Stored data:
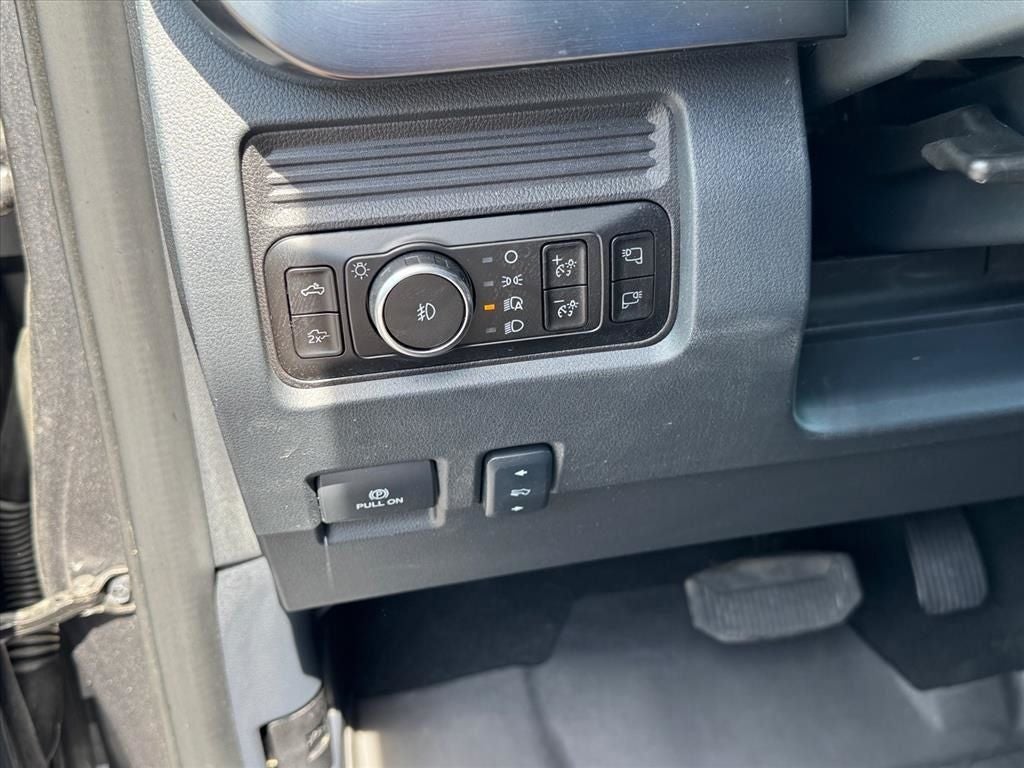 2025 Ford F-250SD Lariat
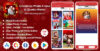 Christmas Photo Frame Quotes Maker App | Photo Editor App | Christmas Quotes Maker App with Ads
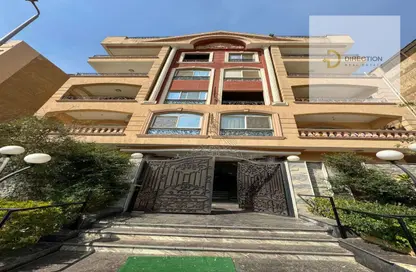 Apartment - 3 Bedrooms - 3 Bathrooms for sale in El Narges Buildings - Al Narges - New Cairo City - Cairo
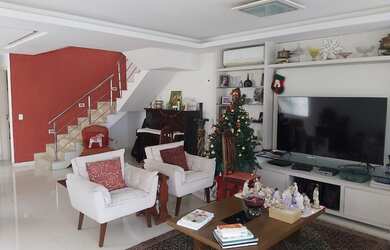 Imagem 5: Riviera Del Sol - Ótima Casa Triplex com 350 m², 5 Quartos Código IM230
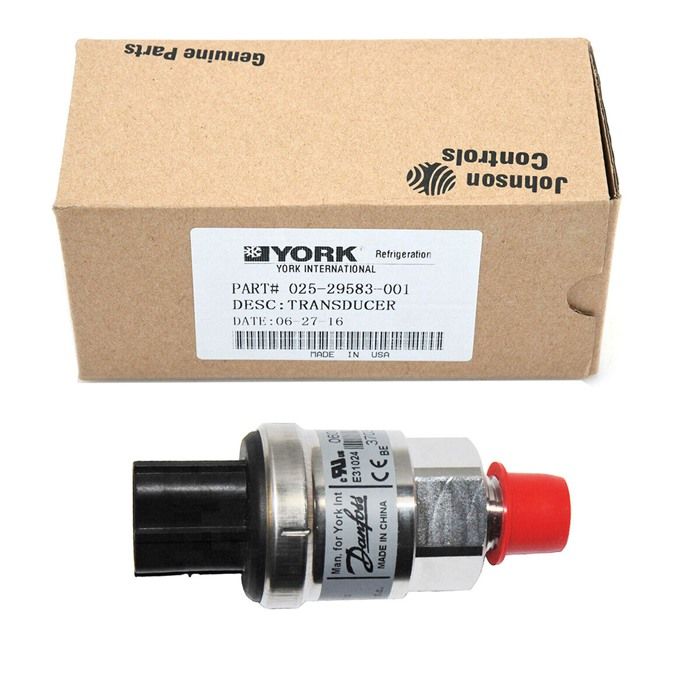 Модуль YORK 025-29583-001 Pressure Transducer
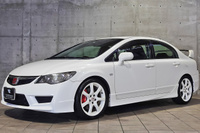 2007 Honda CIVIC TYPE R FD2 TYPE R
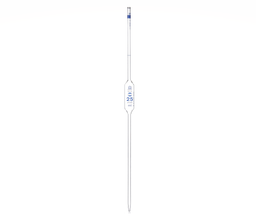Pipeta Volumetrica Clase AS de 25 ML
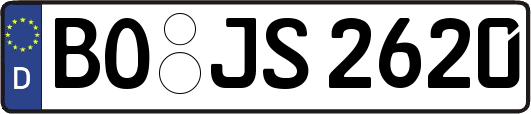 BO-JS2620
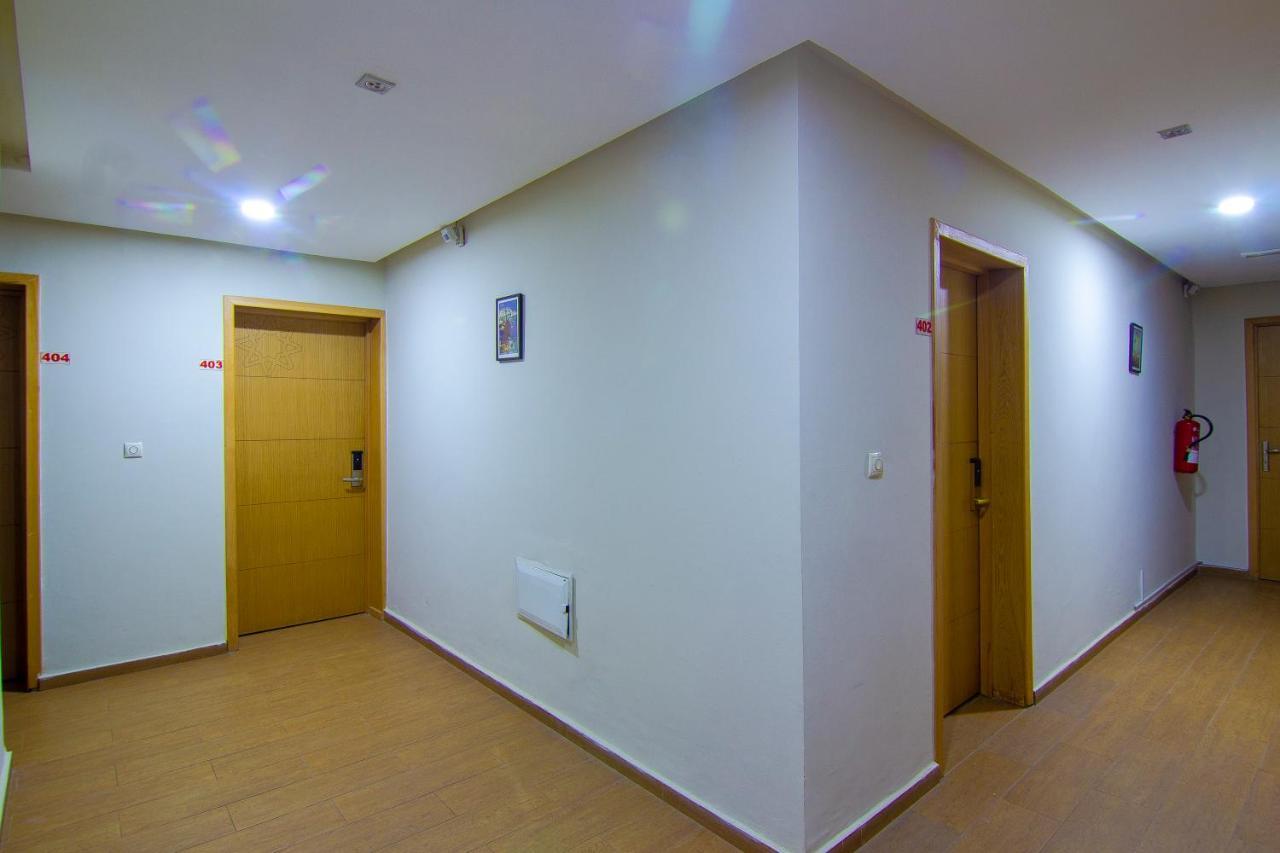 Hotel Vallee Ziz 拉希迪耶 外观 照片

▸ Aim of the task: Set the pictures aside and repeat only the lines from the one containing "Модуль YORK 025-29583-001" through the last line of the entries above, exactly as they stand.

▸ Result:
 Модуль YORK 025-29583-001 Pressure Transducer
 2007 Honda CIVIC TYPE R FD2 TYPE R
Pipeta Volumetrica Clase AS de 25 ML
 BO-JS2620
 Hotel Vallee Ziz 拉希迪耶 外观 照片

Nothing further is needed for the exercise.